Test code: how to download data for a bounding box
cbeddow opened this issue · 7 comments
Please take a look at the below Python code and ask any questions or make suggestions to improve the code. This is not our real code, but we will want to make a function that appears like:
get_data(bbox,type,filter)
In this case bbox is the geographic bounding area, type is the API endpoint (points, traffic signs, images, sequences), and filter would likely want to use a format with an operator (>=, ==, <, contains, etc) for the properties of the returned data, for example a map feature in the example code matching the value for a street light, but we could filter also by date > than a given input.
We also want to consider a function that would save the data to file, maybe like saveGeoJSON(path)
.
import mercantile, mapbox_vector_tile, requests, json
from vt2geojson.tools import vt_bytes_to_geojson
# define an empty geojson as output
output= { "type": "FeatureCollection", "features": [] }
# vector tile endpoints -- change this in the API request to reference the correct endpoint
tile_points = 'mly_map_feature_point'
tile_traffic_signs = 'mly_map_feature_traffic_sign'
# Mapillary access token -- user should provide their own
access_token = 'MLY|XXX'
# a bounding box in [east_lng,_south_lat,west_lng,north_lat] format
east, south, west, north = [-80.13423442840576,25.77376933762778,-80.1264238357544,25.788608487732198]
# list of values to filter for and keep -- update this if changing to traffic signs
filter_values = ['object--support--utility-pole','object--street-light']
# get the tiles with x and y coordinates which intersect our bounding box, MUST be at zoom level 14 where the data is available
tiles = list(mercantile.tiles(east, south, west, north, 14))
# loop through all tiles to get IDs of Mapillary data
for tile in tiles:
tile_url = 'https://tiles.mapillary.com/maps/vtp/{}/2/{}/{}/{}?access_token={}'.format(tile_points,tile.z,tile.x,tile.y,access_token)
response = requests.get(tile_url)
data = vt_bytes_to_geojson(response.content, tile.x, tile.y, tile.z)
# filter for only features matching the values in filter list above
filtered_data = [feature for feature in data['features'] if feature['properties']['value'] in filter_values]
# check if features are inside bbox, and push to output geojson object if yes
for feature in filtered_data:
if (feature['geometry']['coordinates'][0] > east and feature['geometry']['coordinates'][0] < west)\
and (feature['geometry']['coordinates'][1] > south and feature['geometry']['coordinates'][1] < north):
output['features'].append(feature)
# save a local geojson with the filtered data
with open('mydata.geojson', 'w') as f:
json.dump(output, f)
Hey @cbeddow!
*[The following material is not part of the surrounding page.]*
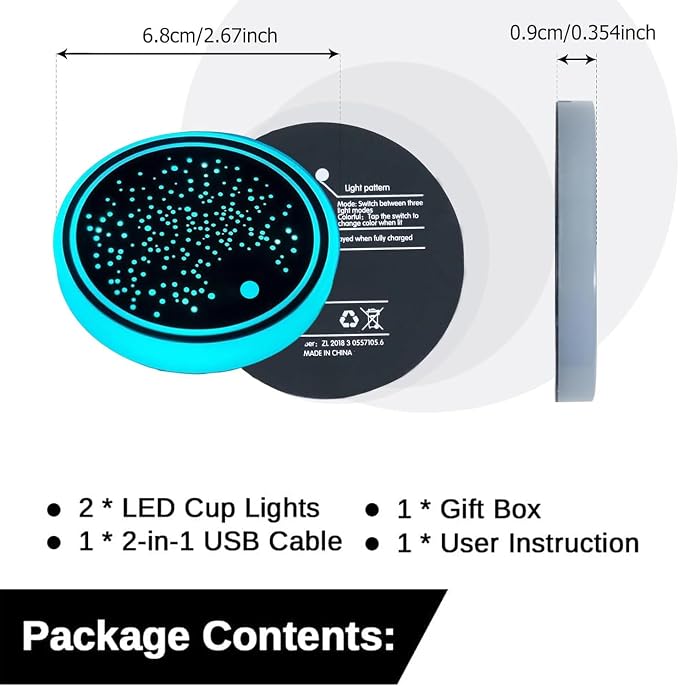 2PCS LED Car Cup Holder Lights, Light up Car Coasters for Cup Holders 7 Colors Changing USB Charging Mat Waterproof Cup Pad, Car Gifts for Men & Women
I have a couple of questions:
- Could you please elaborate on the
filter
parameter of theget_data
function? And can you please explain the filtering criteria in the following snippet?
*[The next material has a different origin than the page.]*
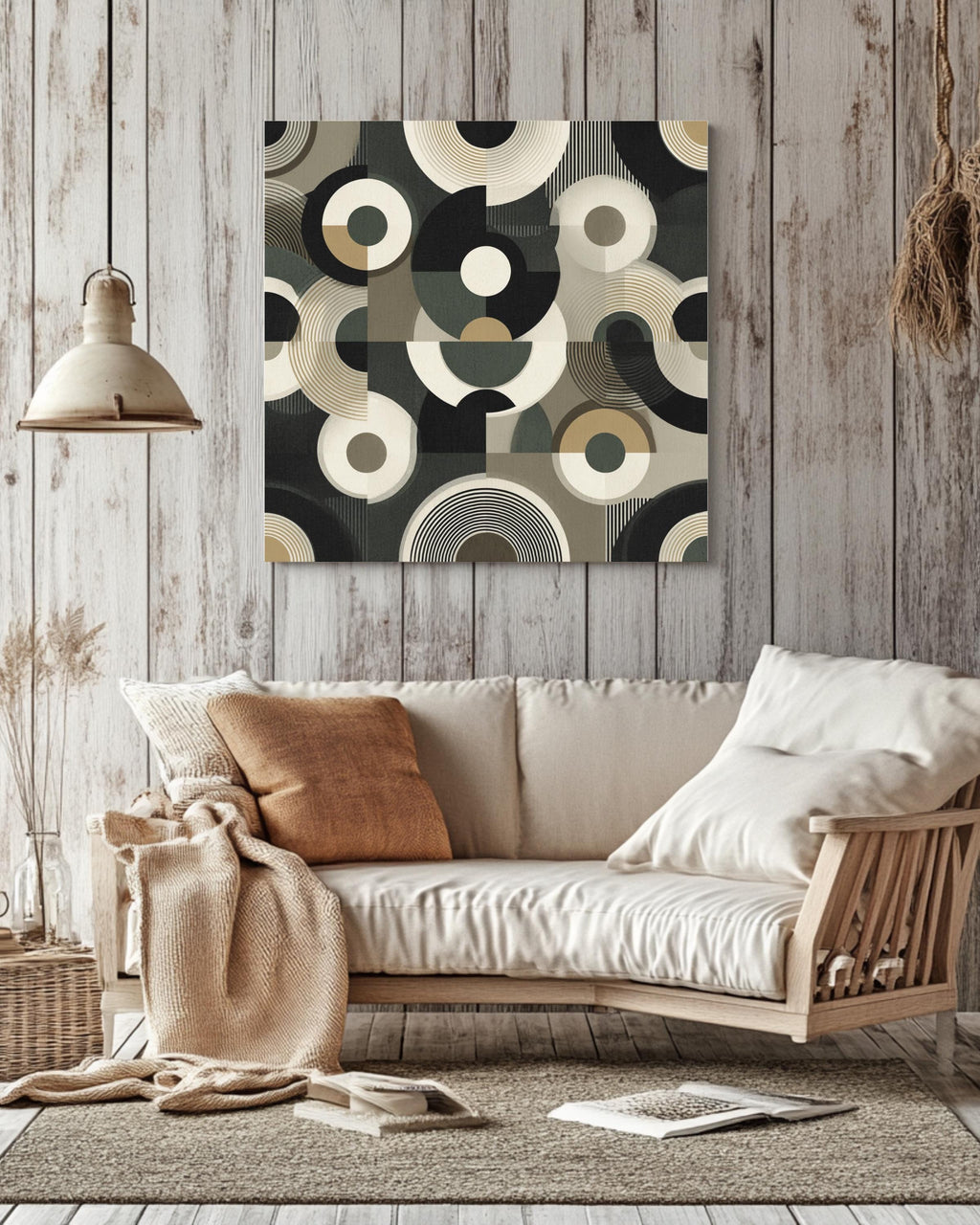 Art Deco Circle Pattern Print, Black White Beige Geometric Wall Art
# list of values to filter for and keep -- update this if changing to traffic signs
filter_values = ['object--support--utility-pole','object--street-light']
- What does zoom level mean? and why does it have to be 14?
- If we already get the bounded tiles here
# get the tiles with x and y coordinates which intersect our bounding box, MUST be at zoom level 14 where the data is available
tiles = list(mercantile.tiles(east, south, west, north, 14))
Why do we need to check if the features exist within the bbox again here?
# check if features are inside bbox, and push to output geojson object if yes
for feature in filtered_data:
if (feature['geometry']['coordinates'][0] > east and feature['geometry']['coordinates'][0] < west)\
and (feature['geometry']['coordinates'][1] > south and feature['geometry']['coordinates'][1] < north):
output['features'].append(feature)
-
in a
get_data
function, a request will be made to the Mapillary API seeking all data within a specified boundary. If this is sent to the map feature tile endpoint, then the data will include the following: street lamps, utility poles, crosswalks, trash bins, shop signs, fire hydrants. Others will be included also. These each have a technical tag name such asobject--street-light
. I will get a list of these for us. So the use case here is a user withfilter_values = ['object--support--utility-pole','object--street-light']
in a list, could pass this to the function, something likeget_data(filter=filter_values)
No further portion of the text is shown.